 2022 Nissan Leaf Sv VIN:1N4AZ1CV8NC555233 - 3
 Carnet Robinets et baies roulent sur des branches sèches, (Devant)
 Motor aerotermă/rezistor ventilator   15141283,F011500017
=-=-=
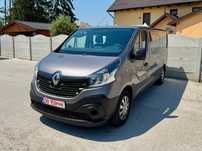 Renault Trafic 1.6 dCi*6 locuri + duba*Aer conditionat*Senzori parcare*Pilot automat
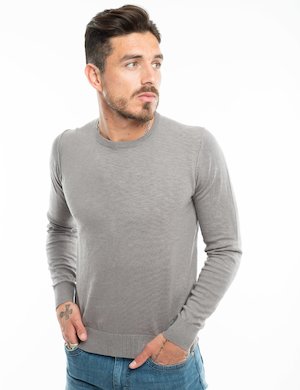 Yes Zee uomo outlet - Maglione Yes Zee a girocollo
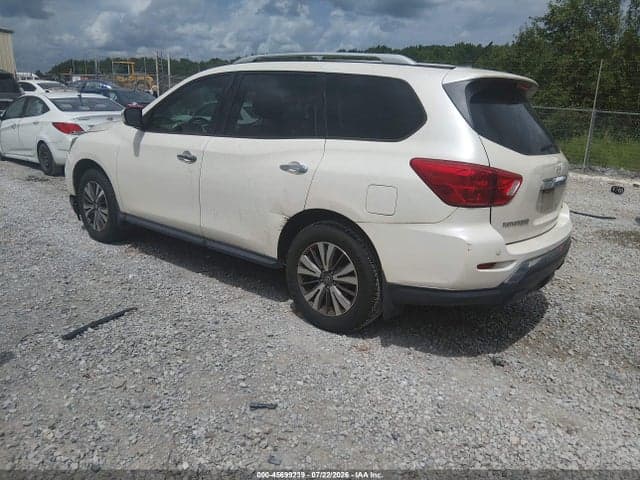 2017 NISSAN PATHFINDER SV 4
=-=-=
Could you restate word for word the lines above, from the one that contains "2022 Nissan Leaf" through the one that contains "Motor aerotermă/rezistor ventilator", and no others?

 2022 Nissan Leaf Sv VIN:1N4AZ1CV8NC555233 - 3
 Carnet Robinets et baies roulent sur des branches sèches, (Devant)
 Motor aerotermă/rezistor ventilator   15141283,F011500017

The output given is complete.